What the task requires:
Write out the listing from the line with "Naples Condo 919325" to the line with "Vintage Huntley &", both lines included, exactly and nothing beyond. Leave pictures out.

═════ Task inputs ═════

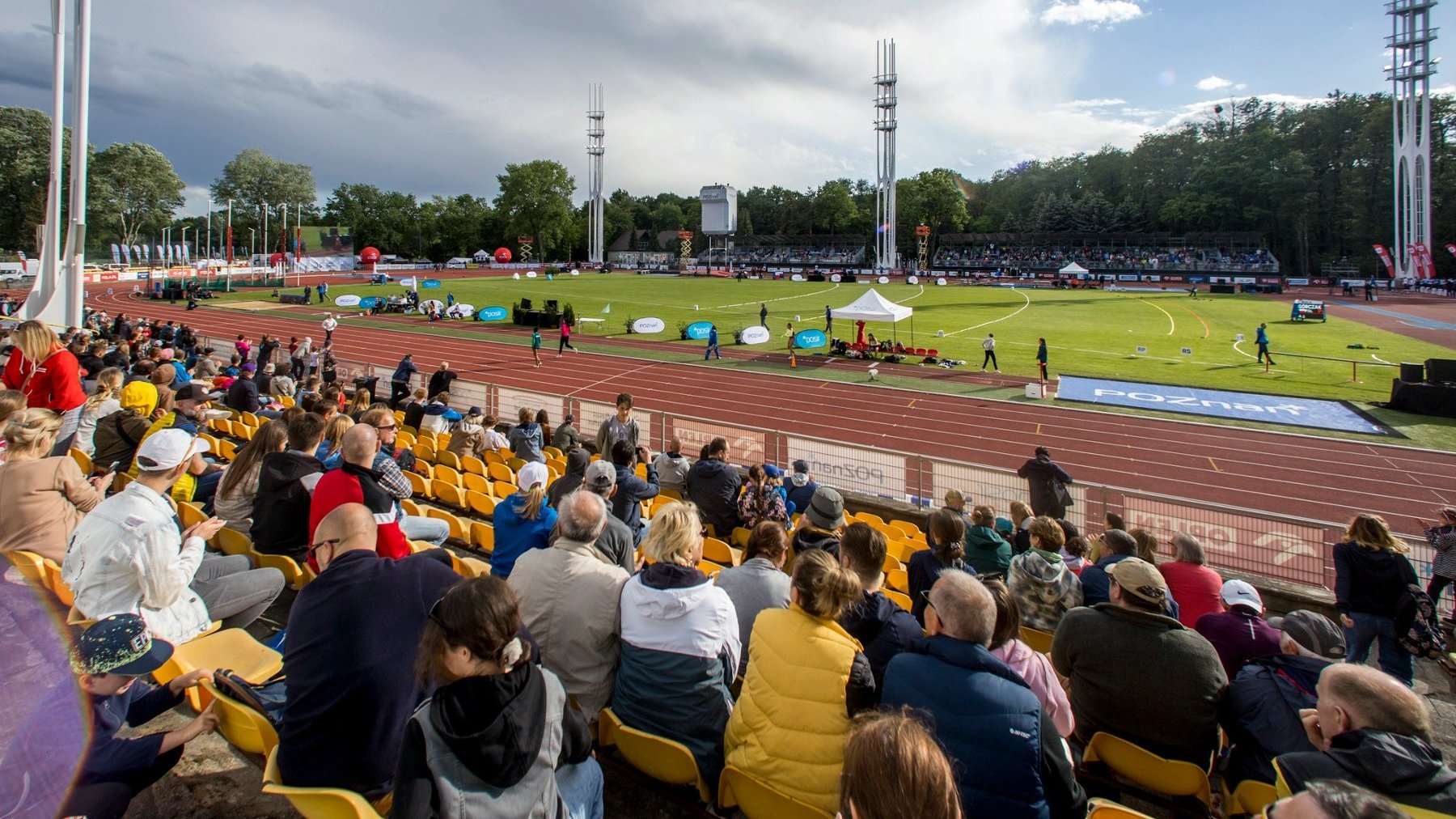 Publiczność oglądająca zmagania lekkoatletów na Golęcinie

═════
═════ Task inputs ═════

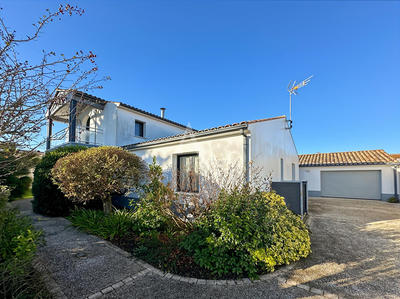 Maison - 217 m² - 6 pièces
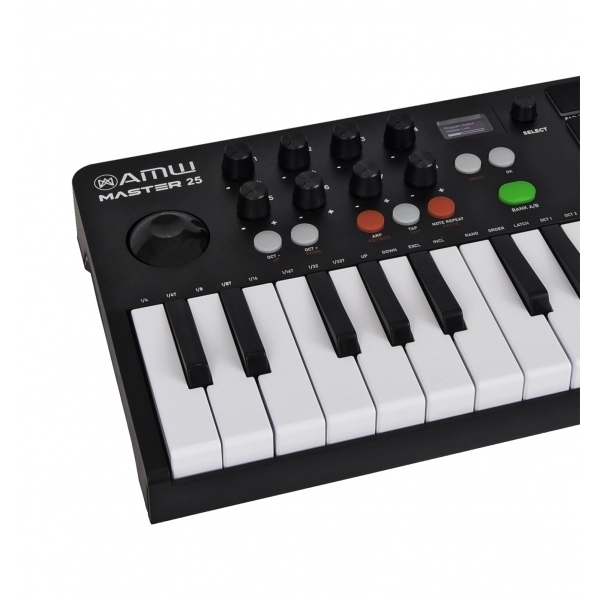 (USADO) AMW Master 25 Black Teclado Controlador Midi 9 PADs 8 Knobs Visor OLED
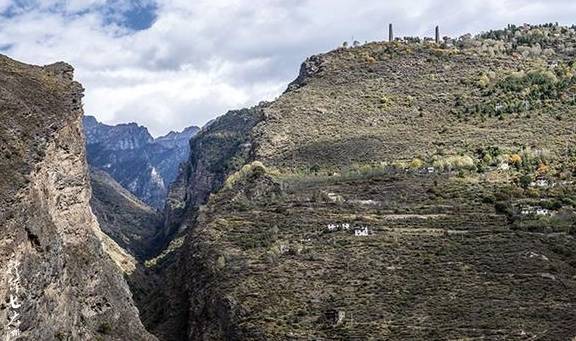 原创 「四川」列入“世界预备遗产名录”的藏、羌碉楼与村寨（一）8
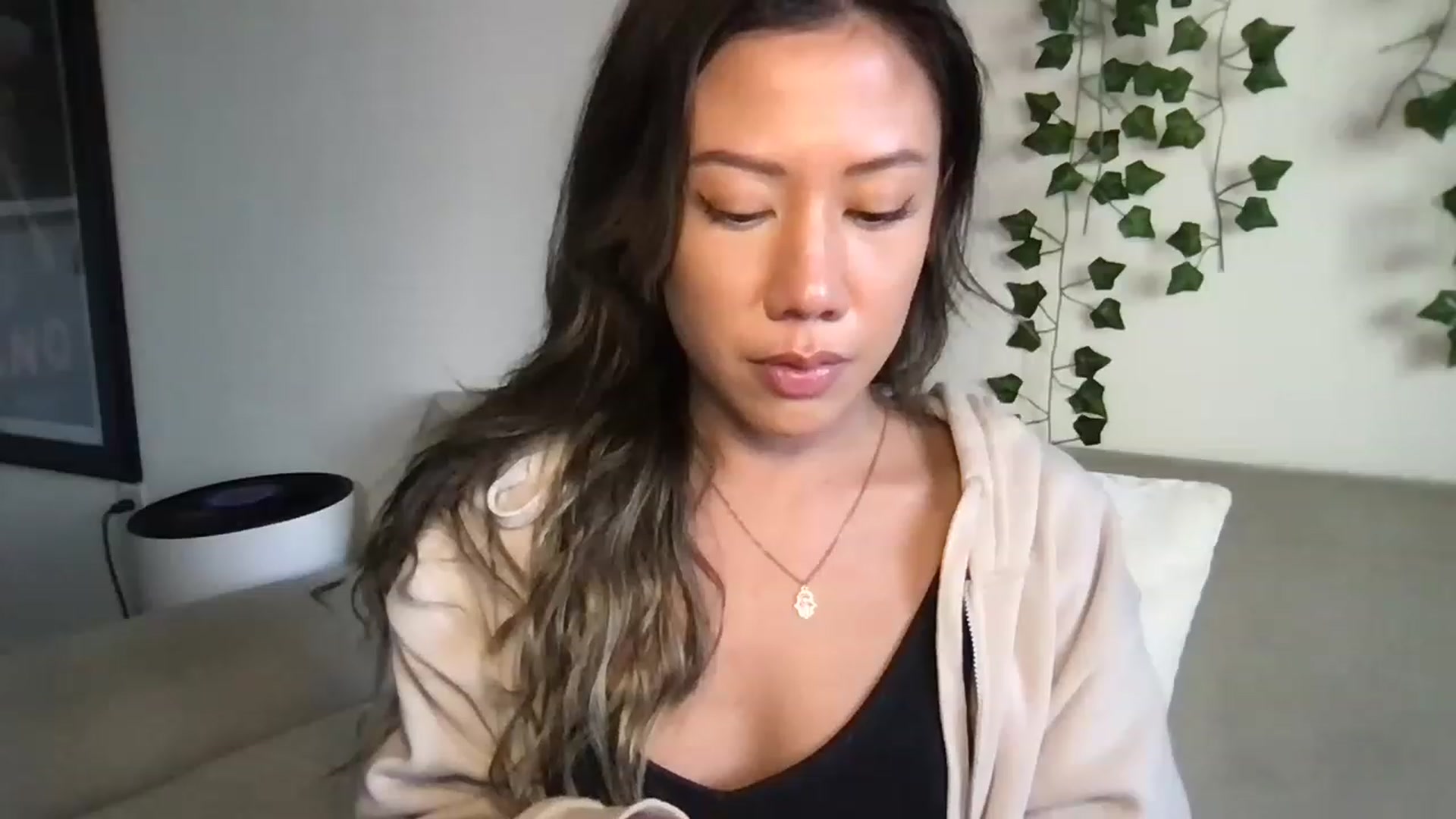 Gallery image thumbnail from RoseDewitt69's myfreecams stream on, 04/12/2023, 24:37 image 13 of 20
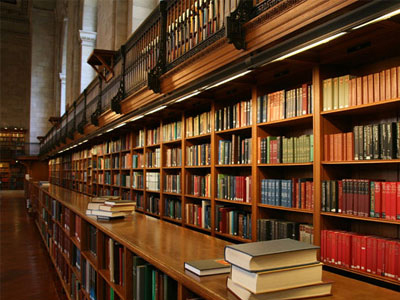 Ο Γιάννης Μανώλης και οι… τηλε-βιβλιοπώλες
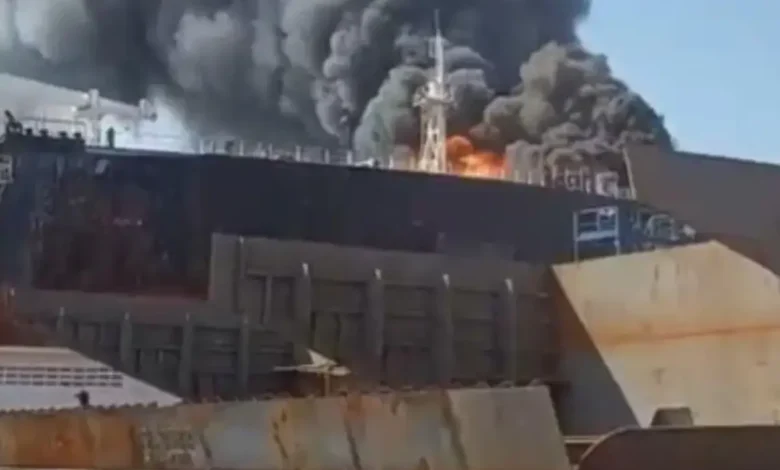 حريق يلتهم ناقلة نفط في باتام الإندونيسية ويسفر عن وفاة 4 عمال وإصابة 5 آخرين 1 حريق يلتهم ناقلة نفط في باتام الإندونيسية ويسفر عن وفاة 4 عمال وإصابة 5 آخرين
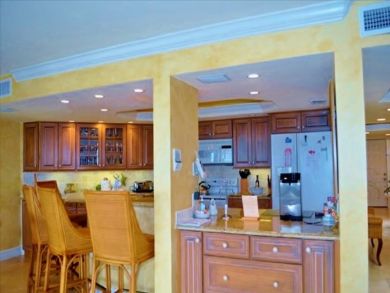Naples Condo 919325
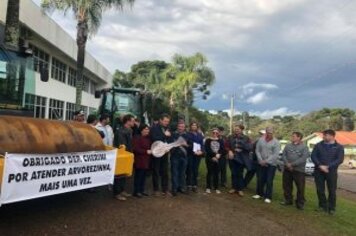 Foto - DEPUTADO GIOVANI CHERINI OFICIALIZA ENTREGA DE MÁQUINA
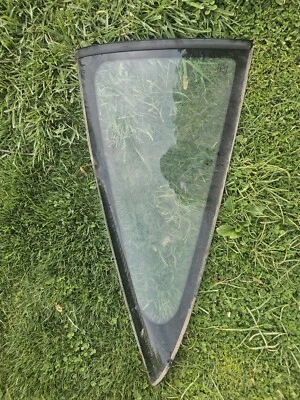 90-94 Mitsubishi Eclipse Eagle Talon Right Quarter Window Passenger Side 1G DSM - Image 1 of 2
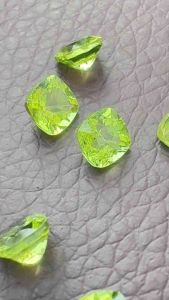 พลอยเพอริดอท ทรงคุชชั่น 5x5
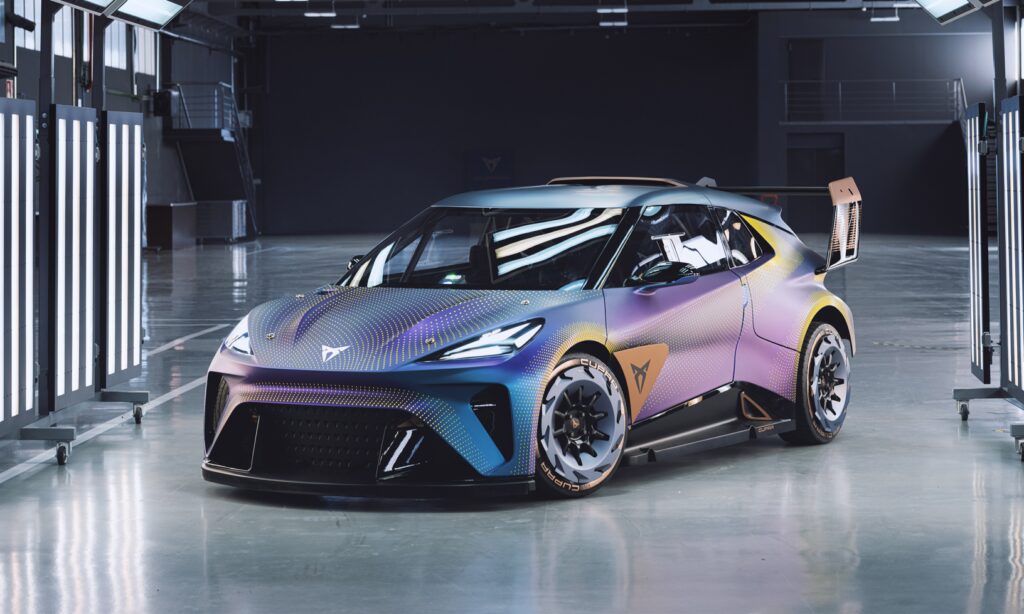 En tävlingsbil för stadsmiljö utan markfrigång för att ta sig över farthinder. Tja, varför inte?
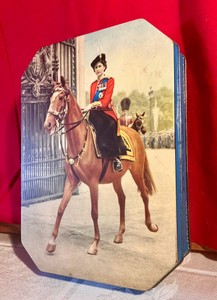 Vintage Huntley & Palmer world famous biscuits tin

═════

Answer area:
Naples Condo 919325
 Foto - DEPUTADO GIOVANI CHERINI OFICIALIZA ENTREGA DE MÁQUINA
 90-94 Mitsubishi Eclipse Eagle Talon Right Quarter Window Passenger Side 1G DSM - Image 1 of 2
 พลอยเพอริดอท ทรงคุชชั่น 5x5
 En tävlingsbil för stadsmiljö utan markfrigång för att ta sig över farthinder. Tja, varför inte?
 Vintage Huntley & Palmer world famous biscuits tin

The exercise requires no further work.